Next morning Captain Cooke took his ship near the Perfect and "fired his guns into her for about an hour," but the Perfect's mate could not persuade him to board her. In the end such of the slaves as escaped the guns of the Spencer managed to run the Perfect ashore, where they plundered and burned her. Of the troubles that came upon the slavers through the wars of the eighteenth century one might write a long and stirring chapter. For the slavers made good fighting, especially when it was viking blood in the slavers against Latin blood in naval ships. But of that nothing can be told here, because the losses were not an outgrowth of the slave-trade as a special branch of commerce. But something may be told of the proportion of losing to paying voyages, even though no list of slavers has been or can be made. In the old papers already mentioned in connection with Captain Lindsay, we find the charges of underwriters set forth, and no better comment on the risks of a trade can be found than an insurance policy.

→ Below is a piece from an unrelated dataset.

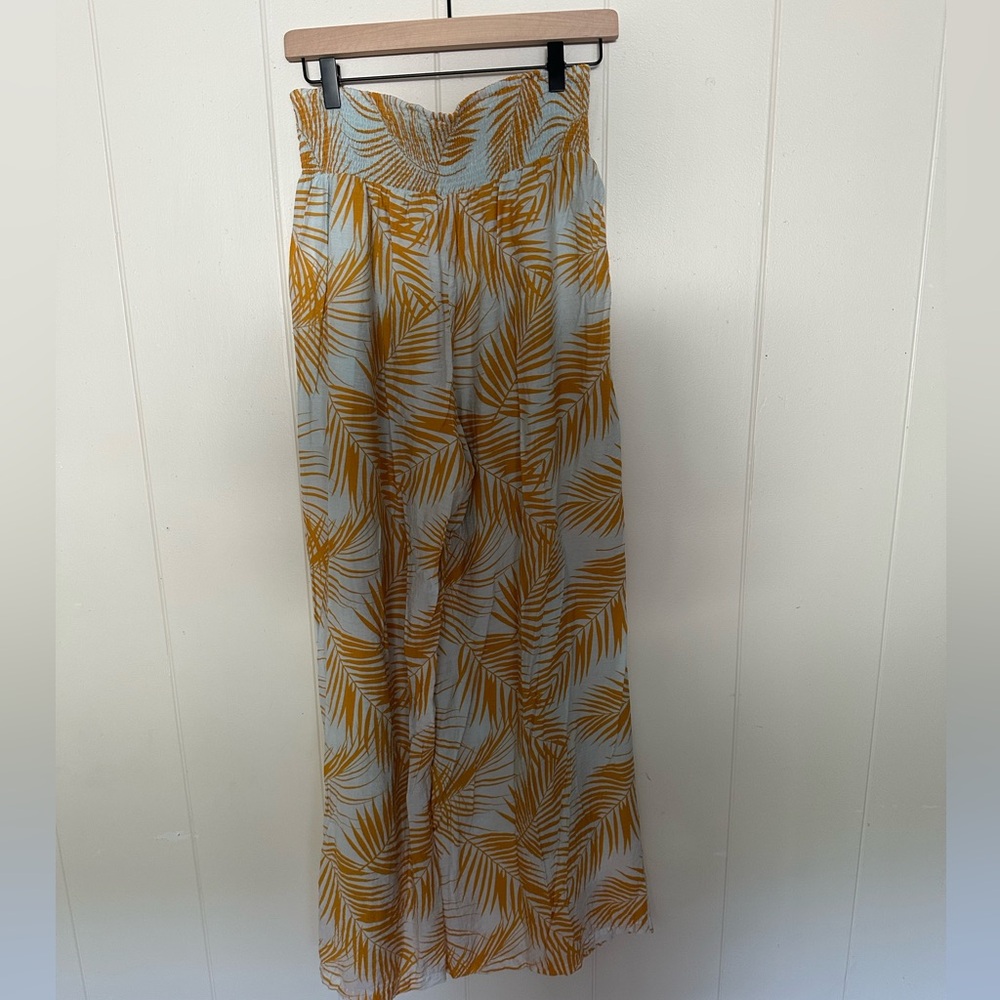 Mahina Cream and Mustard Floral Aloha Waist Pants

A paragraph from such a policy reads:

"And touching the adventures and perils which we, the assurers are content to bear, and do take upon us inthis voyage, they are of the seas, men of War, Fire, Enemies, Pyrates, Rovers, Thieves, Jettisons, Letters of Mart, and Countermart, Sarprizals, Taking at sea, Baratry of the Master, and Marines, and all the Perils, Losses, and Misfortunes that have or shall come to the hurt, Detriment or Damage of the said Goods and Merchandize, or of the said vessel, her Tackel, Apparel and Furniture, or any part thereof."

For assuming these risks the underwriters charged usually £20 in a hundred, but Mr. William Johnson got at least one policy of a hundred for £18 premium.